═══ SUPPLIED RECORDS
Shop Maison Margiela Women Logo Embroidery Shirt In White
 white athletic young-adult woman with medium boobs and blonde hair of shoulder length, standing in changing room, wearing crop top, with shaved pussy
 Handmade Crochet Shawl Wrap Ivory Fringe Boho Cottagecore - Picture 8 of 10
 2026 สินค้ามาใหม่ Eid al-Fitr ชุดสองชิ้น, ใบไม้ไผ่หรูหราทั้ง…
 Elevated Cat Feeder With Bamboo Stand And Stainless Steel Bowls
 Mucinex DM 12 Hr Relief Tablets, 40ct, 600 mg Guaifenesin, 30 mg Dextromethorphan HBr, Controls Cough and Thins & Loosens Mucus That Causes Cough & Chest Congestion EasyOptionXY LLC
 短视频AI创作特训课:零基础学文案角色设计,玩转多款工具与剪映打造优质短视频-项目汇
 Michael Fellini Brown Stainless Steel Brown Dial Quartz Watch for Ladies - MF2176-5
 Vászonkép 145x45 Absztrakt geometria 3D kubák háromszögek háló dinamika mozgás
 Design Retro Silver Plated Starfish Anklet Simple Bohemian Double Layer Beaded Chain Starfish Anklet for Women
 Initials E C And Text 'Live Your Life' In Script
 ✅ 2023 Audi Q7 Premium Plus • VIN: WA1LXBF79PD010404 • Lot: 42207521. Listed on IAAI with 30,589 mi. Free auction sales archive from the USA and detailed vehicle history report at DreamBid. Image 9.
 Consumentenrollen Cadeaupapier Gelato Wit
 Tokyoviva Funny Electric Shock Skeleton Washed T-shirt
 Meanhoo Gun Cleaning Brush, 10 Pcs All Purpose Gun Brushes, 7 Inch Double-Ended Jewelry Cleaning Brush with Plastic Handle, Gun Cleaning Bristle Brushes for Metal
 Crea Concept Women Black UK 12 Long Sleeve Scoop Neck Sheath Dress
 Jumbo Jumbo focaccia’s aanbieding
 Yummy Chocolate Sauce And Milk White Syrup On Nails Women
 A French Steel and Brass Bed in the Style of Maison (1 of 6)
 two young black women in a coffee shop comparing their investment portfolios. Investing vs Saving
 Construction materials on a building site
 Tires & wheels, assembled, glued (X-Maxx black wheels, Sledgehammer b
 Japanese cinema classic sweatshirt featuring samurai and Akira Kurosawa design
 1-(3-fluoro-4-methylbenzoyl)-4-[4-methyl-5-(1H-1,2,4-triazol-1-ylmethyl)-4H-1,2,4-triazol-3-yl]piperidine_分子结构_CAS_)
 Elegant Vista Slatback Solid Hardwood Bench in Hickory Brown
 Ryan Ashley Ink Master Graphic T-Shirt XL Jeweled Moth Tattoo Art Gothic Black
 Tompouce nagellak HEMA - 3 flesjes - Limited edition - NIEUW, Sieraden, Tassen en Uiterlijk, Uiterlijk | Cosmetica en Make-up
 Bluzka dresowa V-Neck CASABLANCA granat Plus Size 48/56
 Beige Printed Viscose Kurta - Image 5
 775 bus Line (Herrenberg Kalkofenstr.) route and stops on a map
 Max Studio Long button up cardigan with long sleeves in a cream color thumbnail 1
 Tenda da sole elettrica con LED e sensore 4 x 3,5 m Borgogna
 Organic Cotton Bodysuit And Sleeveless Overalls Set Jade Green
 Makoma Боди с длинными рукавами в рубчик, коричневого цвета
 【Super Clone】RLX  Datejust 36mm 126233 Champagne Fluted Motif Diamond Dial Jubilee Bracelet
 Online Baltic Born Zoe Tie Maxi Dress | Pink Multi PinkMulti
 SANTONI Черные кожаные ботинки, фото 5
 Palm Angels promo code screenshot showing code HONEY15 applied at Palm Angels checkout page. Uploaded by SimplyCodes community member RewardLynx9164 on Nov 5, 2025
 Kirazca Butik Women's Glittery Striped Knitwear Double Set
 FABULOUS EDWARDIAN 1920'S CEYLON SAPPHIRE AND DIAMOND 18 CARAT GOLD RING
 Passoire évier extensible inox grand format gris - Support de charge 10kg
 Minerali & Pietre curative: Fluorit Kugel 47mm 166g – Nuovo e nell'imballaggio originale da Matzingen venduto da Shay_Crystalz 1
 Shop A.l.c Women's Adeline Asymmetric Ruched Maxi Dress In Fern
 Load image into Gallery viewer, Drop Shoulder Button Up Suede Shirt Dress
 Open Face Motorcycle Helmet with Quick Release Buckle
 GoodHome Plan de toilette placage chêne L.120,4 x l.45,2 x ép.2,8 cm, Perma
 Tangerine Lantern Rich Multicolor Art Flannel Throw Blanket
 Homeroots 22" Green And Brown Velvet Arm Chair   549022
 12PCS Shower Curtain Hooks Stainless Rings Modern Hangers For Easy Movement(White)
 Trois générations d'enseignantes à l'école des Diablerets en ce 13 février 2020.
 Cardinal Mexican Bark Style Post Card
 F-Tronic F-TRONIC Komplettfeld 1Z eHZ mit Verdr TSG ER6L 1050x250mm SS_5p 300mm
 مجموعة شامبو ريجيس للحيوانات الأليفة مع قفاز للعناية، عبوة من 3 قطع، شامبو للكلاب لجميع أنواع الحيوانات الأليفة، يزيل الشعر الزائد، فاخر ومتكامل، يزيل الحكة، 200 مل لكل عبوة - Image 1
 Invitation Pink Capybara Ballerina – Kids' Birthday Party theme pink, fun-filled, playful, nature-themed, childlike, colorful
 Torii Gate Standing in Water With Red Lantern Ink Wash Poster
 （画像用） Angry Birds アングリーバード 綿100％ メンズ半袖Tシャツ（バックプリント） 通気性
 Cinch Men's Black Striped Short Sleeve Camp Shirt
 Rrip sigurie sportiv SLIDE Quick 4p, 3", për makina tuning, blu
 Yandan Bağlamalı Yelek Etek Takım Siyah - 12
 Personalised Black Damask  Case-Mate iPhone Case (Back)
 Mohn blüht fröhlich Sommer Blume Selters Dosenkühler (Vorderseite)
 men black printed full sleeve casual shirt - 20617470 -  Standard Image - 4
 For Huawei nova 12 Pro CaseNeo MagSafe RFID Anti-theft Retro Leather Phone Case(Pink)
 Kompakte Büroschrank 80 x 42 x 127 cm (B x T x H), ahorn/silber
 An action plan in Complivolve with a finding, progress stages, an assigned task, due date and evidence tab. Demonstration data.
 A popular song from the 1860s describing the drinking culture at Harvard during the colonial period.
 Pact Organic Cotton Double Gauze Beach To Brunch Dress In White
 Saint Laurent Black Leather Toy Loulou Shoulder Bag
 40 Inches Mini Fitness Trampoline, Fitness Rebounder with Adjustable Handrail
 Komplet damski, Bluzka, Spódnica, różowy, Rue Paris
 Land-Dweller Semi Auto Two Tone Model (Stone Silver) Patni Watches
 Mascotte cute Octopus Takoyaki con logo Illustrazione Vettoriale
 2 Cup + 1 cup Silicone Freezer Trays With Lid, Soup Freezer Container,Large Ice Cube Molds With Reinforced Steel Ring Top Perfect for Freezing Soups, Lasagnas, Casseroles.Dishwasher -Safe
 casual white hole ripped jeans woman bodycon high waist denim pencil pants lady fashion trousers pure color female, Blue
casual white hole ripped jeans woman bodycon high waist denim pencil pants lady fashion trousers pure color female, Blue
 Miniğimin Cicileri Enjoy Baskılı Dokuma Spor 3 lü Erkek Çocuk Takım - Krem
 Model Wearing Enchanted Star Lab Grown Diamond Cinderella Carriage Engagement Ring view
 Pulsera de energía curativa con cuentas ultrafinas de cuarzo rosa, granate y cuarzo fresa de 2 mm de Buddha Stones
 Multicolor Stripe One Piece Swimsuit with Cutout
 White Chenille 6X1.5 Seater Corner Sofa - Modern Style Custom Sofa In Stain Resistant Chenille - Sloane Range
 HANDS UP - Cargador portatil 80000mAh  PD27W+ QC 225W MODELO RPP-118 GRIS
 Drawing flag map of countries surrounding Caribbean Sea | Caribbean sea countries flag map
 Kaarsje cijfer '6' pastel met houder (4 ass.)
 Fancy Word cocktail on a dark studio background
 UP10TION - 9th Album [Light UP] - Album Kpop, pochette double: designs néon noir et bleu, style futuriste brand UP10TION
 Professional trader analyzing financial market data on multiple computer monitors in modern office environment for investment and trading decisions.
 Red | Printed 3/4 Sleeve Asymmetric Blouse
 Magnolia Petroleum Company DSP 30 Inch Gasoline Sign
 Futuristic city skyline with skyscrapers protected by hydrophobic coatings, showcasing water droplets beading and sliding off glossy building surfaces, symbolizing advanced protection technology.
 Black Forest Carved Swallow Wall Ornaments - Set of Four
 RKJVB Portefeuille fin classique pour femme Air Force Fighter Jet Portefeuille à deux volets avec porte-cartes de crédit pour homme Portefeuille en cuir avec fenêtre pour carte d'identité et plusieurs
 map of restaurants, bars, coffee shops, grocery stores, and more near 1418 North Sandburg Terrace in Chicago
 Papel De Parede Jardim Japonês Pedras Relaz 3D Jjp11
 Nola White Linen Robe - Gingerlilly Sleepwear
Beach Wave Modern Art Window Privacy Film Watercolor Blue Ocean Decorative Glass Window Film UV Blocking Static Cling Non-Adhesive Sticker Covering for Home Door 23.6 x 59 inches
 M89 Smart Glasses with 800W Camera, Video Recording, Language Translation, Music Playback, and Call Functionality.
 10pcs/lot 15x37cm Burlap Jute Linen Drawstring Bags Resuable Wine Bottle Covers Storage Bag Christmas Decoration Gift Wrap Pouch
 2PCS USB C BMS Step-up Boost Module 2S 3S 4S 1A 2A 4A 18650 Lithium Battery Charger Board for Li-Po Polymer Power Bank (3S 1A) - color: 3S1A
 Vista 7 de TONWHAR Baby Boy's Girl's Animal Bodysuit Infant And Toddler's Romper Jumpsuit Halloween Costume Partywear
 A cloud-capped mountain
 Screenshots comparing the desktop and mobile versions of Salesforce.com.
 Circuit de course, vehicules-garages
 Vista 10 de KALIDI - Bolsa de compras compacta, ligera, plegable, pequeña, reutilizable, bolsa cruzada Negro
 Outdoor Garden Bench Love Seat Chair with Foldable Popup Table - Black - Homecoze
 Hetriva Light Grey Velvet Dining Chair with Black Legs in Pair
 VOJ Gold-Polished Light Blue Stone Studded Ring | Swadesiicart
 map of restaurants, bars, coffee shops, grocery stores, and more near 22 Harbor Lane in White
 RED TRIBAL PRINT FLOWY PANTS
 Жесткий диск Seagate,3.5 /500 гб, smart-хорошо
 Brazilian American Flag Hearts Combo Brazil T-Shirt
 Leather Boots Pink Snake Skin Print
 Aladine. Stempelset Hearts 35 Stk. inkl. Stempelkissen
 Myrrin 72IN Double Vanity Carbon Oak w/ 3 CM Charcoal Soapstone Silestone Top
══════
_WHAT IS EXPECTED_:
Going through the data above, please tally the lines that contain the string "bodycon" and return only the total.

_EXERCISE ANSWER_:
2